Just a few short months ago, in May, two construction workers were killed due to unsafe working conditions at a site in Navi Mumbai, a suburb of sorts to the Sai Mannat business hub in India.
While the deaths should have prompted outrage and collective demand for improving safety conditions, that’s just not the way things work in India. Reporting for NDTV, Sonal Matharu and Sreenivasan Jain shared the following:
We filmed inside the Sai Mannat site using a hidden camera – as well as a regular camera from the outside – to find workers suspended several stories above ground without safety nets or belts. We could see open wires, posing the risk of electrocution.
A metallic plank, the same one which caused the fatal accident in May, could be seen sliding down the building, tilted, with three workers on it without helmets.These findings shed light on the darker side of India’s $140 billion construction industry, where a pervasive lack of safety, as well as lack of government oversight places millions of workers at grave risk.

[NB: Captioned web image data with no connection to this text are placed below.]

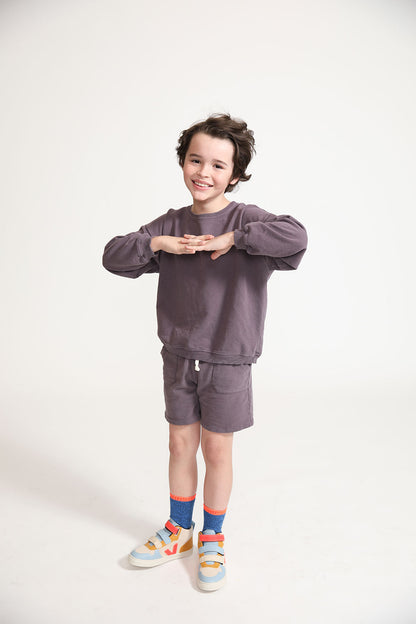 Young boy wearing Everyway kids activewear. Featuring Core Sweat Shirt in Plum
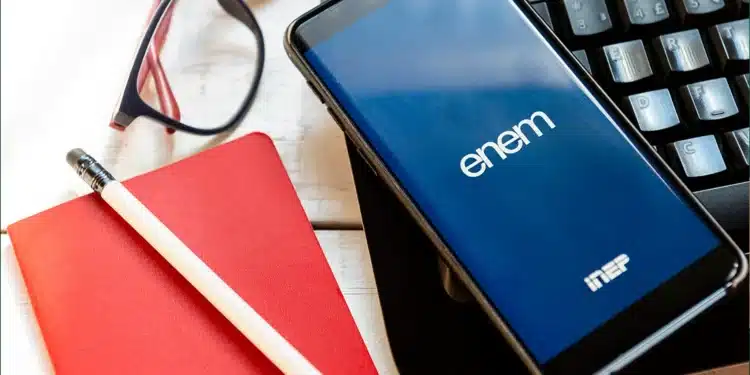 Imagem mostrando o celular com o logo do Enem 2026 na tela, com caderno, caneta e óculos sobre a mesa. A tela do celular exibe o aplicativo do Enem.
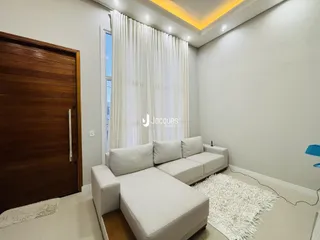 Uma sala de estar clara com um sofá branco e tapete fofo.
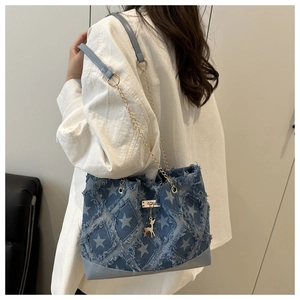 Détail du sac cabas en denim bleu avec étoiles blanches et pendentif cerf doré sur modèle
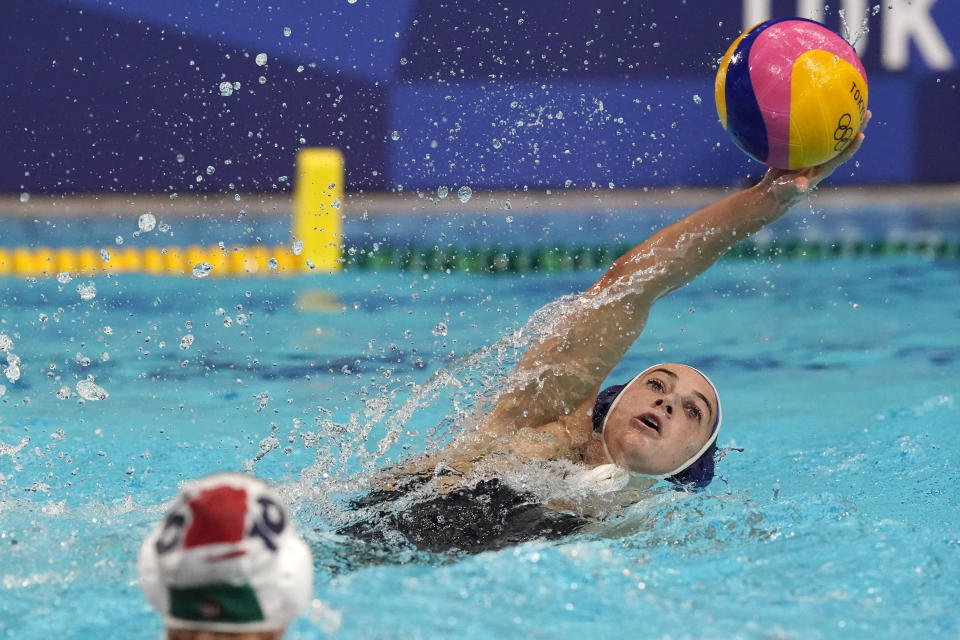 United States' Margaret Steffens reaches for the ball during a preliminary round women's water polo match against South Africa at the 2020 Summer Olympics, Wednesday, July 28, 2021, in Tokyo, Japan. (AP Photo/Mark Humphrey)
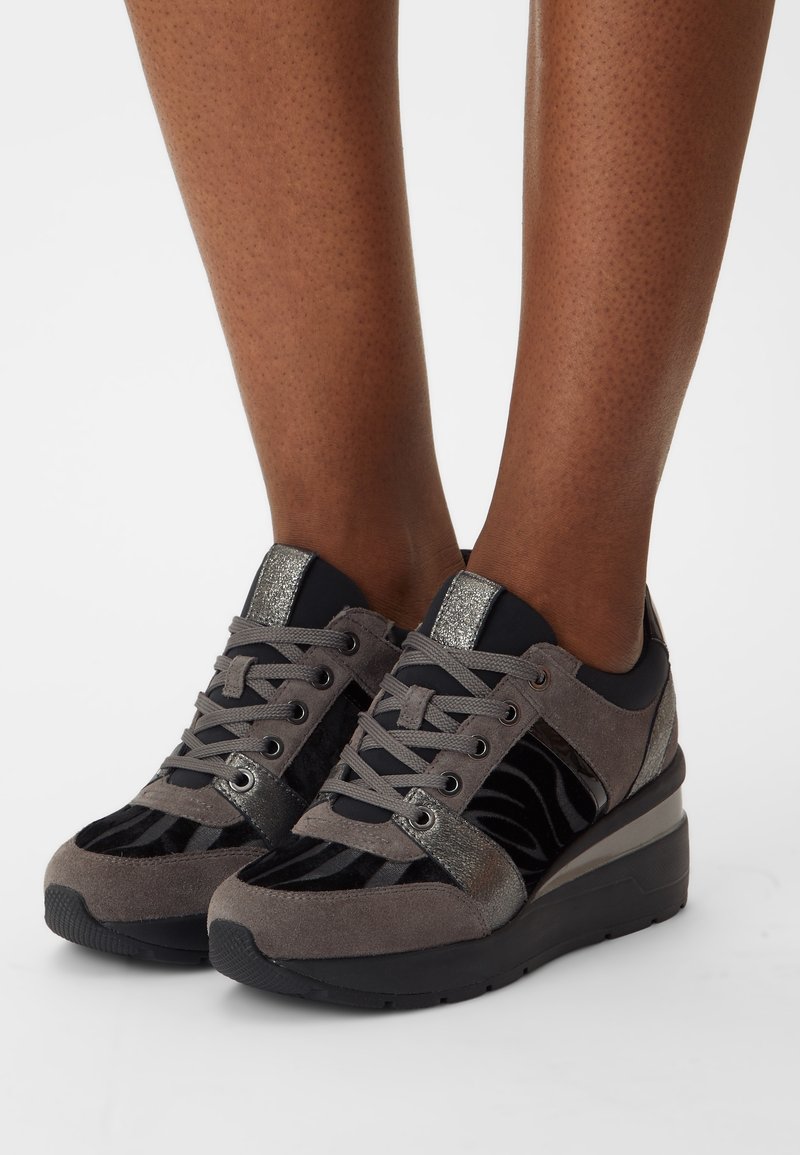 Fötter i svarta och grå plattformsneakers med snörning framtill och metalliska accenter, synliga från mitt på vaden till tårna på en vit bakgrund.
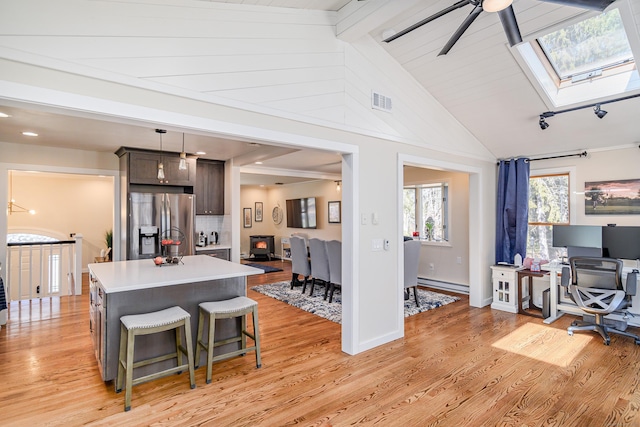 kitchen featuring light wood-style floors, vaulted ceiling with skylight, stainless steel refrigerator with ice dispenser, and light countertops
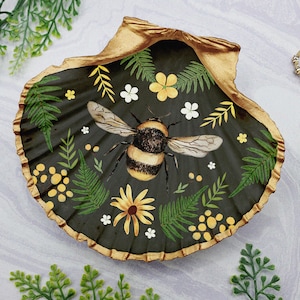 Puede incluir: Un plato de concha de mar negro y dorado con un diseño pintado de un abejorro, flores y helechos.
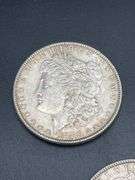 THREE MORGAN SILVER DOLLARS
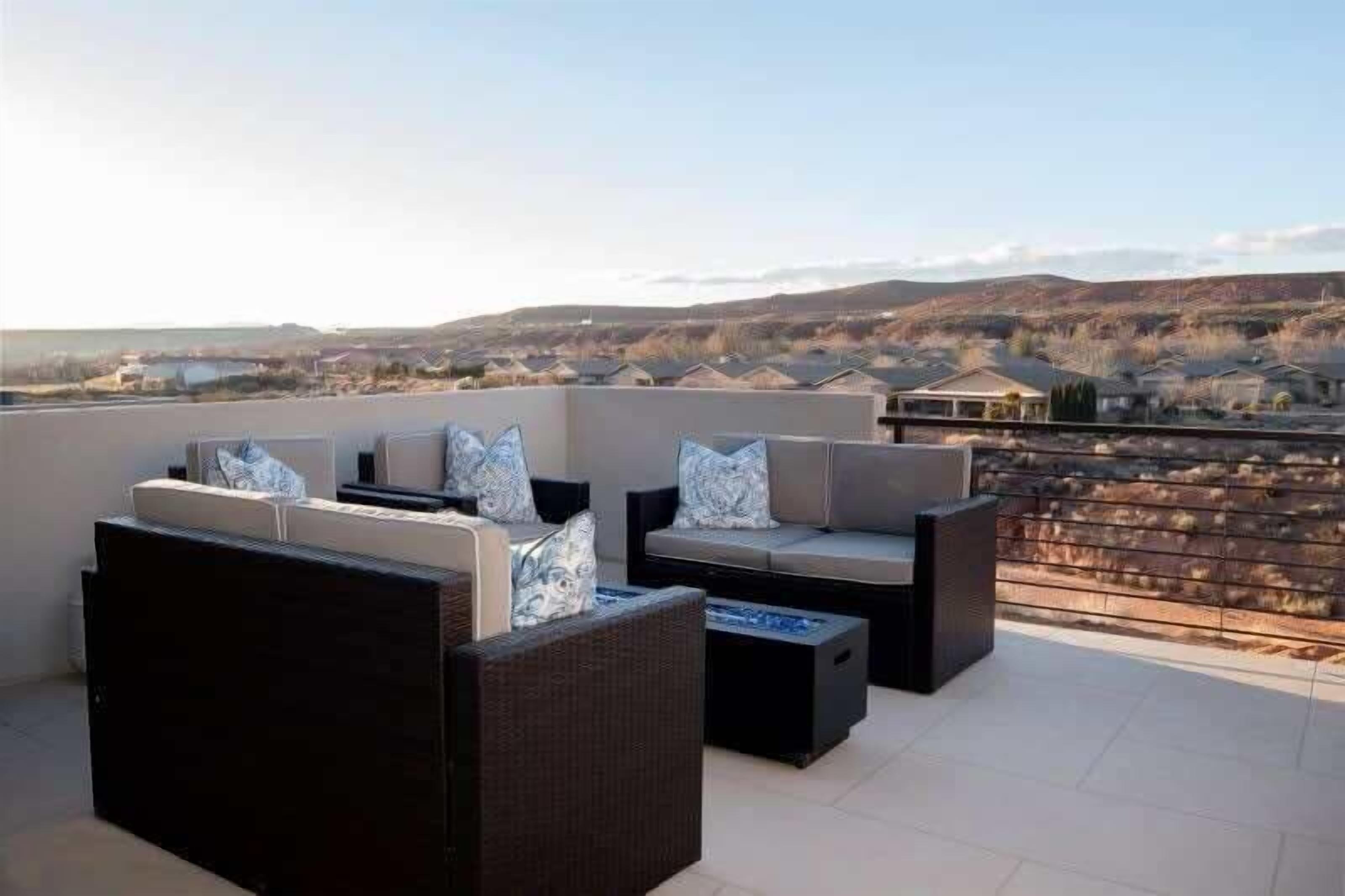 An outdoor seating area with a view of a cityscape.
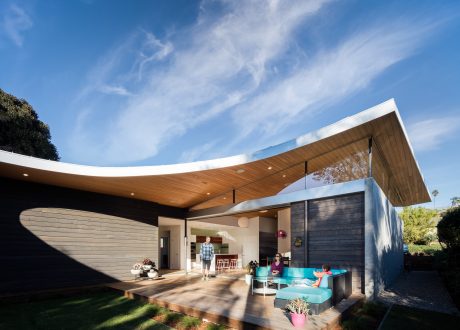 Modern curved roofline with timber cladding, open living space, and patio furniture.
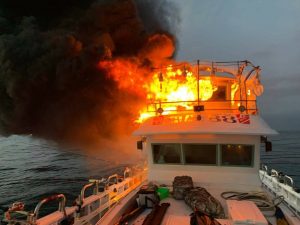 Read more about the article 30 Swim To Safety From Burning Boat off Bullocks Island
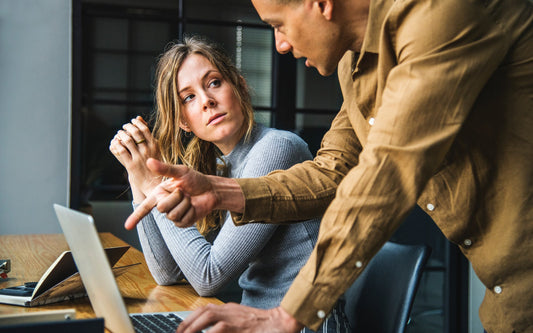 A man and woman talk at a desk as the man points at a laptop screen.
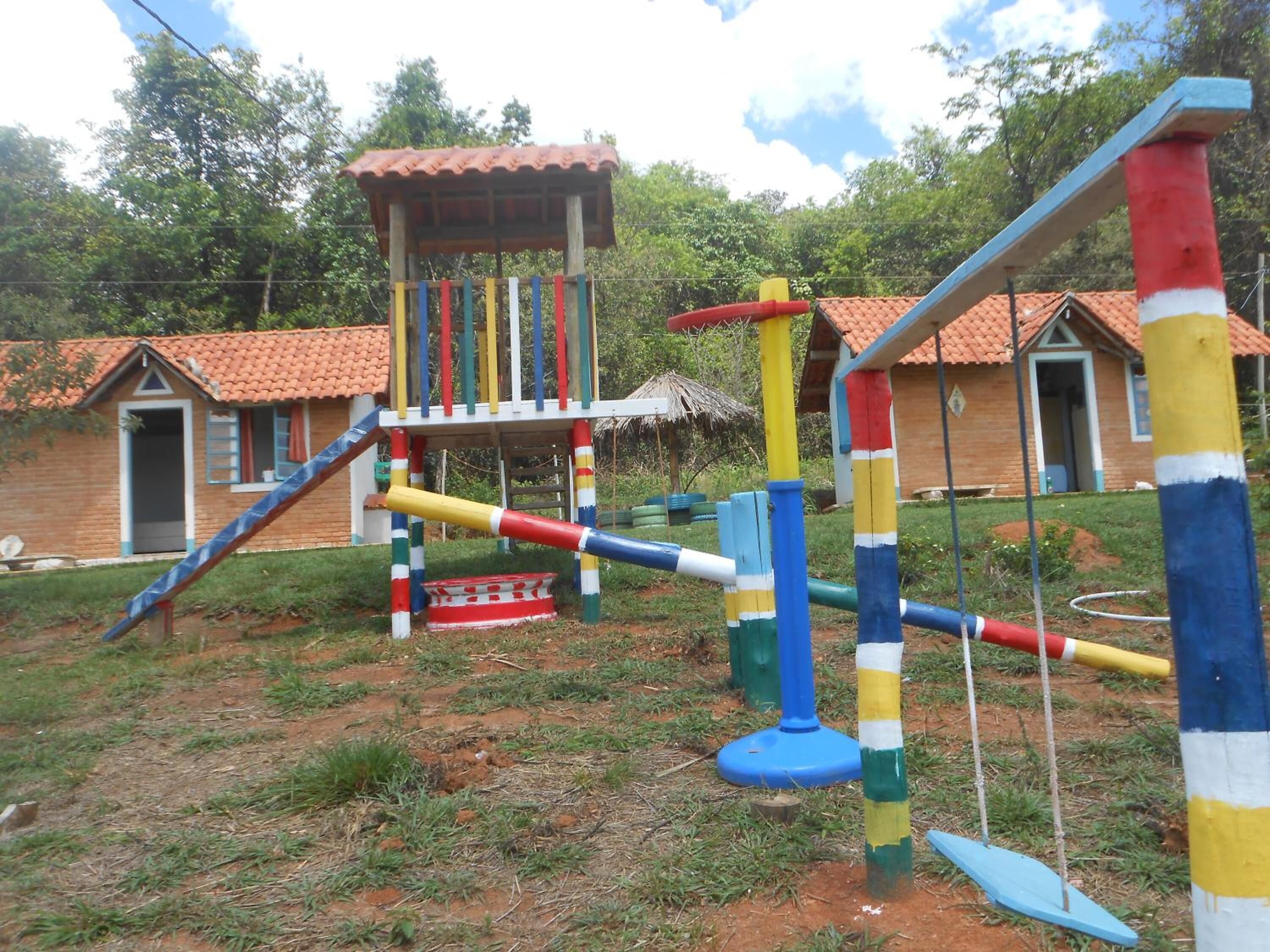 A playground with colorful play structures, a small hut, and a house with a red-tiled roof in the background.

The Building and Other Construction Workers Act, 1996, which governs safety at worskites, sets out nearly 200 rules, including asking employers to ensure that workers are supplied with helmets, boots, harnesses and other safety equipment. Risky open spaces are meant to be covered, with netting, for instance. Exposed wiring in wet areas is another no-no under the law.
If you have ever witnessed the construction of larger projects in India, then you probably already know just how deplorable safety conditions are, compared to what we enjoy in the US. I personally have seen pictures of job sites for Fortune 50 companies building large commercial office buildings with workers scampering across bamboo “scaffolding” barefoot, with no personal protective equipment whatsoever.
So yeah, those toolbox talks take time, and wearing fall protection and PPE does slow you down. But those tactics may also save your life so you can still get home to see your family tonight.